As global aid contracts and inflation drive up the cost of food, millions of Nigerian children are falling deeper into crisis. The latest data from UNICEF shows that 3.5 million children are currently suffering from severe acute malnutrition — a crisis now expanding across regions and class lines.
From Lagos to Katsina and Borno, the stories are devastatingly similar. Families eat once a day, meat is a memory, and emergency clinics are shuttering due to a lack of funding. The situation, aid workers say, is growing more desperate by the week.

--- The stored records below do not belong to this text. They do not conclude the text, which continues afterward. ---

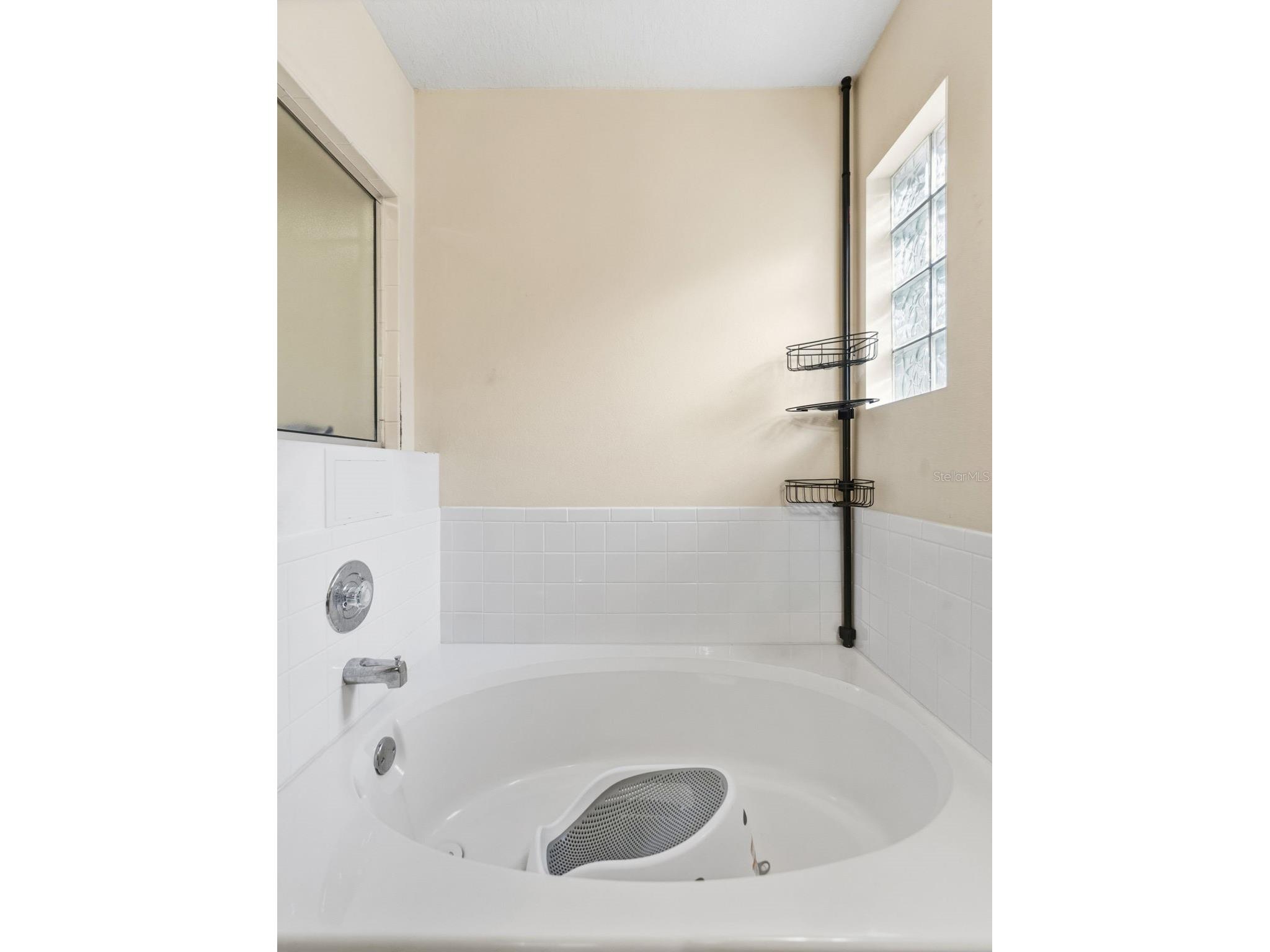 17704 Nathans Drive Tampa FL 33647 TB8460446 image18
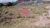 Terreno, 1000 m² - Foto 3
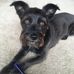 Randall Munson - Facebook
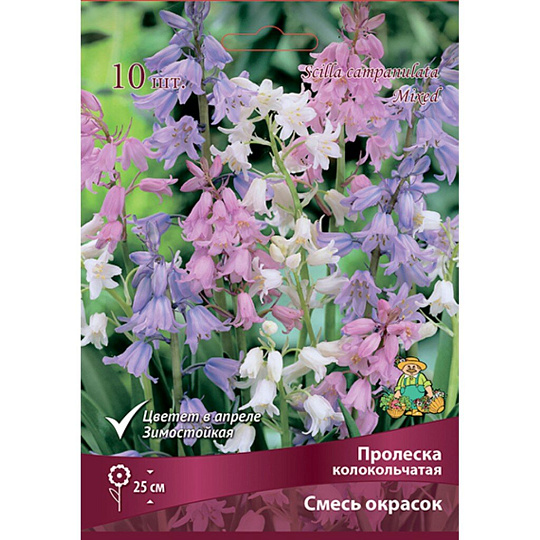 Луковицы Пролеска колокольчатая, смесь окрасок, 7-8/К, 10 шт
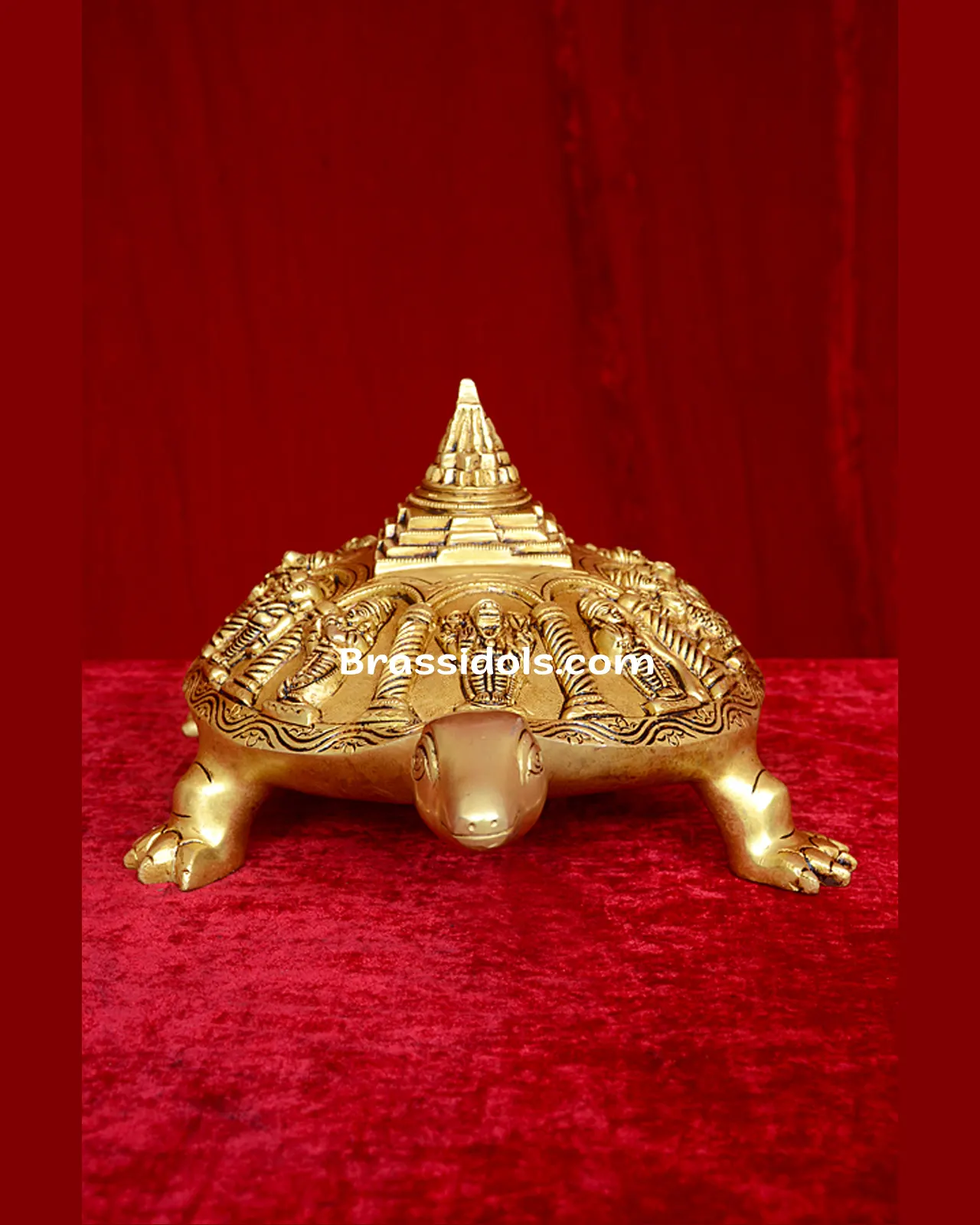 Tortoies Dasavtar - image 2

Families crippled by responsible food insecurity
For 53-year-old widow Bosede Balogun in Lagos, buying enough rice to feed her children has become a struggle. “Even after eating, they are still hungry,” she said. Protein-rich foods like meat and fish are off the table — unaffordable luxuries in today’s economy.
Across the north, families like Amina Zubairu’s live on one meal a day, often tuwo or rice — little more than starch. In Katsina alone, Médecins Sans Frontières (MSF) reported that more than 650 children died of malnutrition in the first half of 2025. Aid cuts from major donors, including the US, UK, and EU, have compounded the crisis.

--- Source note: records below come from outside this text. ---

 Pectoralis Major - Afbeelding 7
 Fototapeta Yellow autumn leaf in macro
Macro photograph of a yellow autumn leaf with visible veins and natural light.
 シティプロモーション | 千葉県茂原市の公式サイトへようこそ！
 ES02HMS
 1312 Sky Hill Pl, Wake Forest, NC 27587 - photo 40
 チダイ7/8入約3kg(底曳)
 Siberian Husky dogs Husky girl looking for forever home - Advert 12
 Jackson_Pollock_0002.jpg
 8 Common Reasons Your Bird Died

Responsible food insecurity deepens in the northeast
In Borno and Yobe states, nearly 300,000 children under two years old risk losing access to treatment as the UN World Food Programme (WFP) prepares to shut down more than 150 nutrition clinics due to funding shortfalls. “Without immediate donations, WFP assistance could be entirely suspended,” said John Ifuk-Ibot, WFP’s nutrition officer in Nigeria.

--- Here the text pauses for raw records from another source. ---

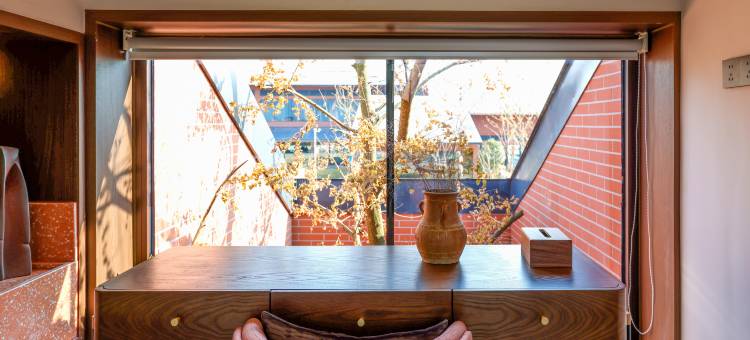 阅湖·杏花村图片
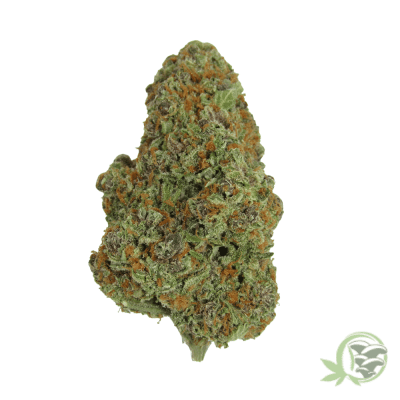 Buy the best Weed online in Canada just like this Super Silver Haze.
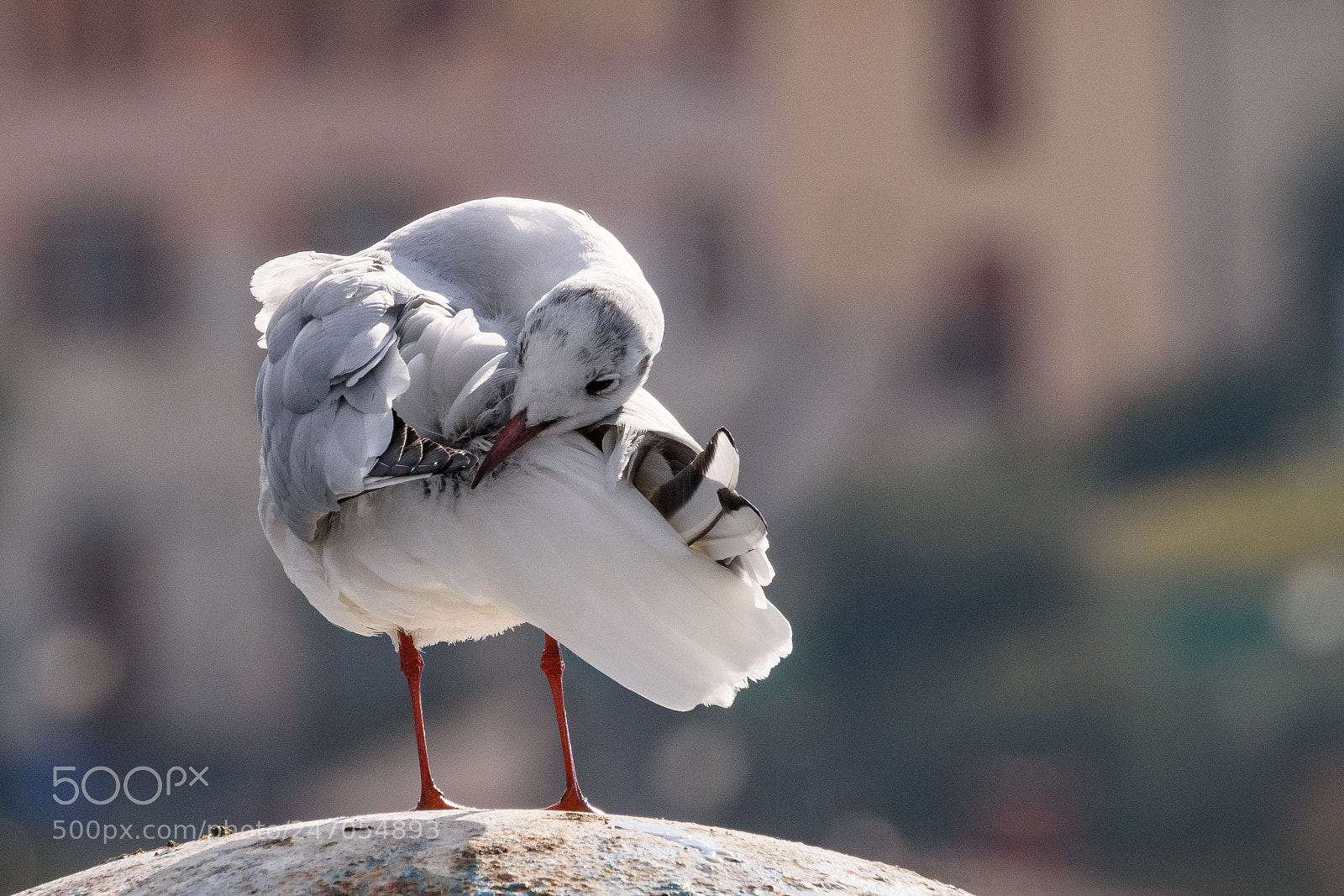 Nikon D7200 sample photo. Gull that cleans the photography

The cuts are hitting displaced families hardest — people who already fled conflict now face starvation in places meant to offer relief. “Go hungry or flee again,” Ifuk-Ibot warned. The WFP’s country director stated that the collapse of these operations could destabilise the region.
Calls mount for urgent government intervention
Experts say the situation calls for both local action and global response. “This crisis is not just about food,” said Adebayo Adeleke of Supply Chain Africa. “It’s about prioritising nutrition before hunger swallows the nation.” Even children who appear well-fed can suffer from malnutrition due to a lack of essential nutrients.
According to Business Day, Nutritionists like Hajara Haruna and Viviane Terveshima are advocating for a long-term strategy — from food fortification to empowering women through health education. Meanwhile, analysts like Faruk Muhammad are pushing for subsidised farm inputs and targeted government relief to blunt the sharp edge of responsible food insecurity.